Opinião

Mauro Gemma: Dar eficácia à mobilização contra a Otan

16/03/2017

É possível constatar com facilidade como não só todos os argumentos que têm a ver com as questões militares e da segurança de nosso país são cientificamente descartados no aparato midiático dominante, mas também como continuam a ser sistematicamente relegados ao segundo plano, mesmo nas mobilizações (escassas, na verdade) dos setores políticos e dos movimentos sociais que mais deveriam assumir responsabilidades.

Por Mauro Gemma (*) em Marx XXI

Esses argumentos são virtualmente desclassificados de toda a agenda da esquerda no parlamento, inclusive aquela que se define “à esquerda do PD”, com todas as suas máscaras.

Não restou praticamente nenhum traço e lembrança das grandes manifestações que no passado caracterizaram o nosso país ao ponto de, em certo momento, a Itália parecer representar a ponta mais avançada de um movimento com alcance mundial, como aconteceu, por exemplo, com a extraordinária mobilização de milhões de pessoas por ocasião do desencadeamento da guerra de agressão contra o Iraque em 2003.

E se consideramos que, neste momento, está em curso no coração da Europa uma guerra como a desencadeada pelos nazistas que estão no governo na Ucrânia contra as populações do Donbass, promovida e apoiada pelos Estados Unidos e seus aliados da Otan, parece surpreendente não só a substancial ausência de mobilização, agora delegada a pequenos grupos de voluntários internacionalistas que se movem na indiferença geral, mas também a falta de informações precisas sobre uma das páginas mais vergonhosas escritas por todo o Ocidente na história do pós-segunda guerra.

Atualmente, para reconstruir as condições que  permitam realizar uma proposta que, de qualquer maneira, inverta a atual tendência à desmobilização do movimento contra a guerra, é certamente indispensável esclarecer alguns elementos de análise, sem os quais não é possível o relançamento de um movimento pela paz e anti-imperialista, digno deste nome e capaz de especificar os objetivos da sua iniciativa, sem confusões inoportunas.

São dois os elementos fundamentais sobre os quais se deve focar a atenção e em torno dos quais buscar construir momentos de mobilização de certa eficácia.

Em primeiro lugar, é preciso ter clareza sobre um ponto sobre o qual, ao menos entre os poucos que se mobilizam conosco, está manifestando-se uma confusão que pode obscurecer a responsabilidade daqueles que são os principais atores da estratégia de guerra em curso no planeta, prejudicando a eficaz construção de mobilizações que se contraponham a essa estratégia.

Trata-se de um ponto essencial com a finalidade de construir plataformas que realmente vão à raiz da questão Otan: o reconhecimento de que os principais perigos para a paz mundial provêm antes de tudo dos grupos mais extremistas dos Estados Unidos da América, que representaram durante o governo Obama e continuam representando o núcleo hegemônico da Aliança Atlântica.
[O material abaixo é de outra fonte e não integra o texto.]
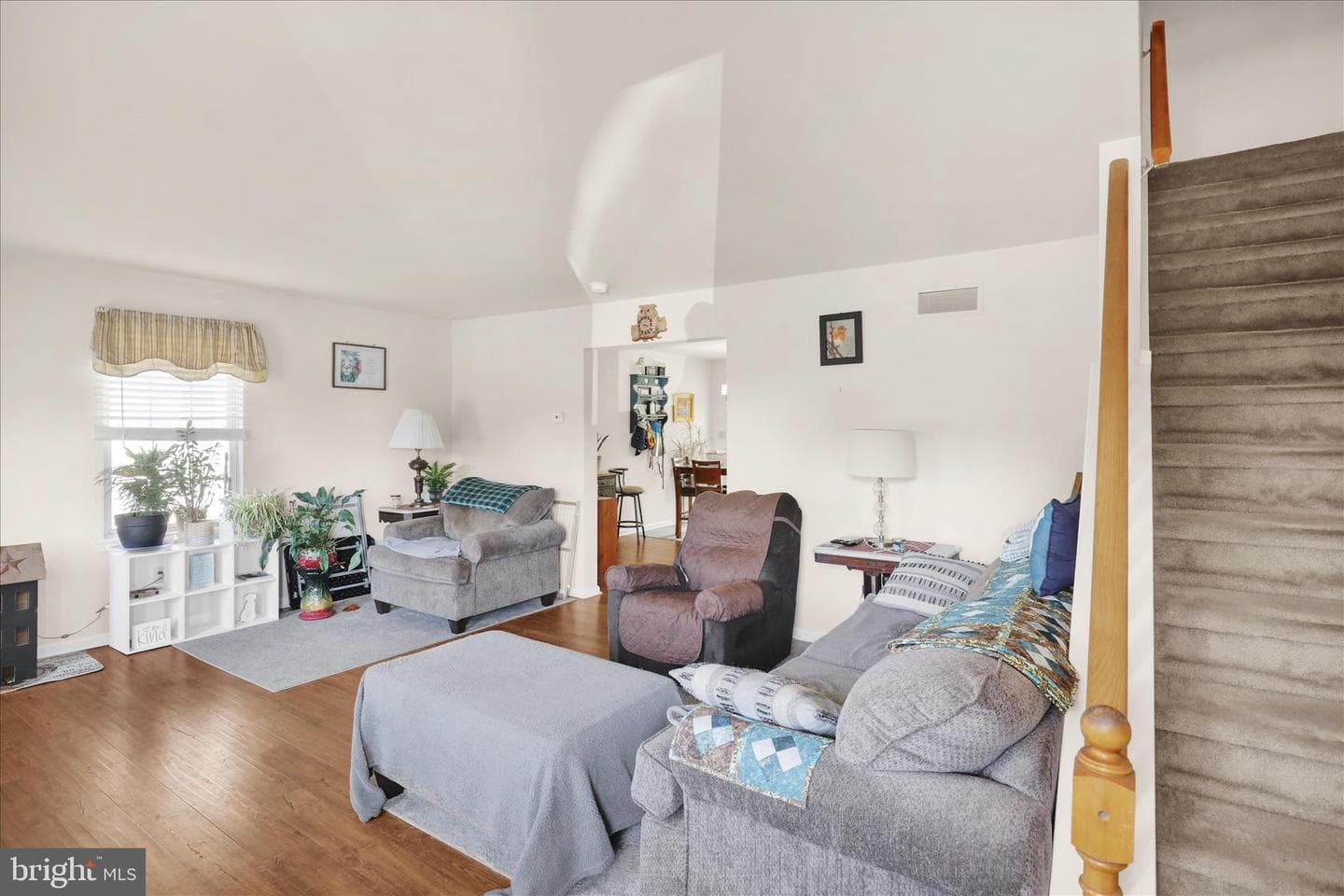 240 Hickory Drive photo 4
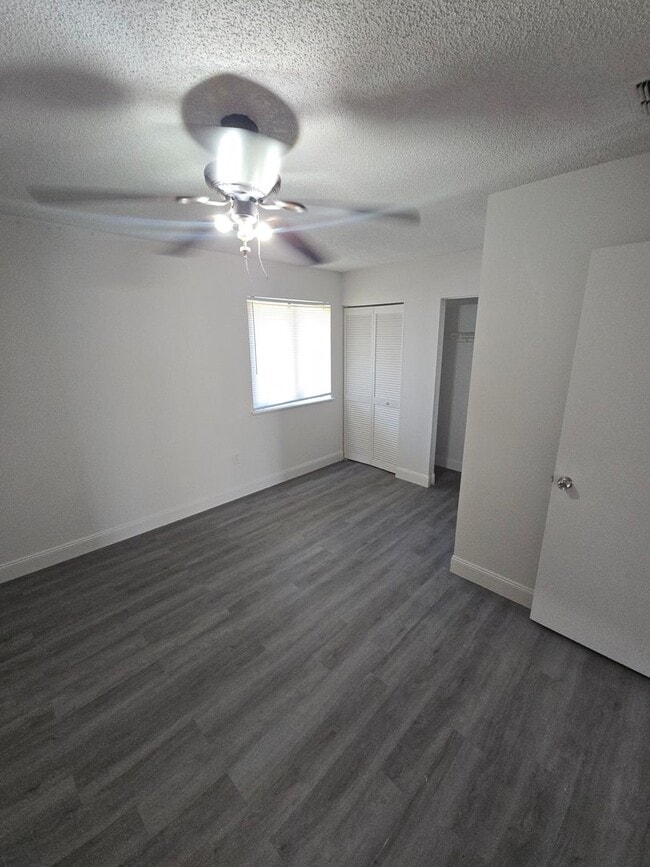 Building Photo - 2-Bedroom, 2-Bathroom Condo in Land O' Lakes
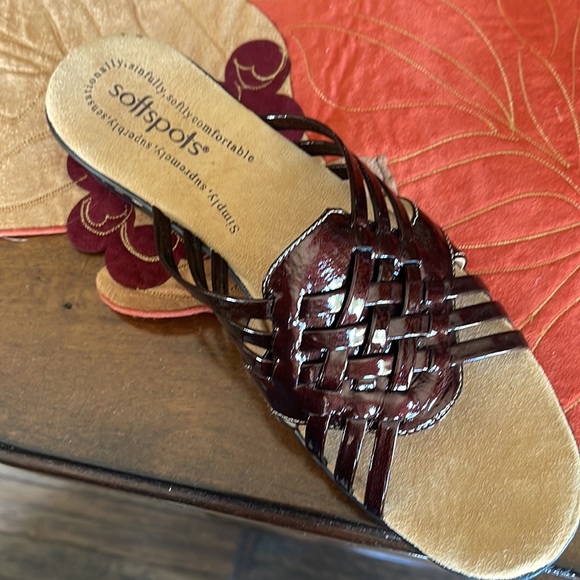 Softspots Shoe 9N Leather Brown/Bronze in color - Picture 7 of 8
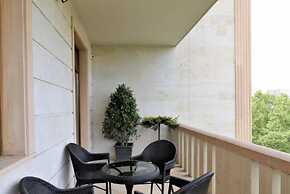 Sunset Tbilisi Luxury ApartHotel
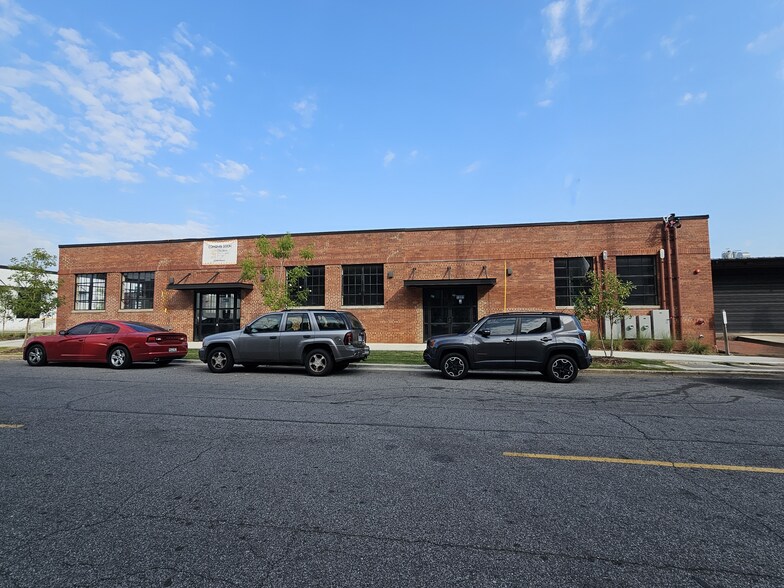 More Photos Of 1200 2nd Ave S, Birmingham Showroom For Lease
Isto exprime a tendência mais agressiva e defensora do confronto militar que parecem prevalecer ainda hoje.

São sobretudo estes setores do establishment imperialista estadunidense que ditaram e continuam a ditar a agenda da Otan e da sua política de intervenção, agressão e guerra no tabuleiro de xadrez planetário.

É surpreendente que em algumas análises formuladas em ambientes da esquerda chamada radical ou antagonista de nosso país este elemento fundamental seja descartado, levando, como ocorreu no curso de algumas recentes tentativas de mobilização, a não citar os Estados Unidos entre os atores principais da política da Otan; a quase ignorar o fato de que precisamente por iniciativa dos grupos mais extremistas do imperialismo estadunidense, representados pelo conúbio entre falcões do partido democrata que tinham em Hillary Clinton a sua candidata às eleições presidenciais – os neoconservadores defensores do confronto com a Rússia e a China, como o senador republicano McCain, um dos protagonistas do golpe de Estado na Ucrânia – e os ambientes do Pentágono e dos serviços como o NSA (Agência Nacional de Segurança) e a CIA, que se intrometeu e continua a intrometer-se perigosamente, mantendo uma paz precária entre as potências nucleares -, está atuando freneticamente para criar as condições mais favoráveis até mesmo para o desencadeamento de uma guerra global de dimensões imprevisíveis e devastadoras, inclusive de caráter nuclear.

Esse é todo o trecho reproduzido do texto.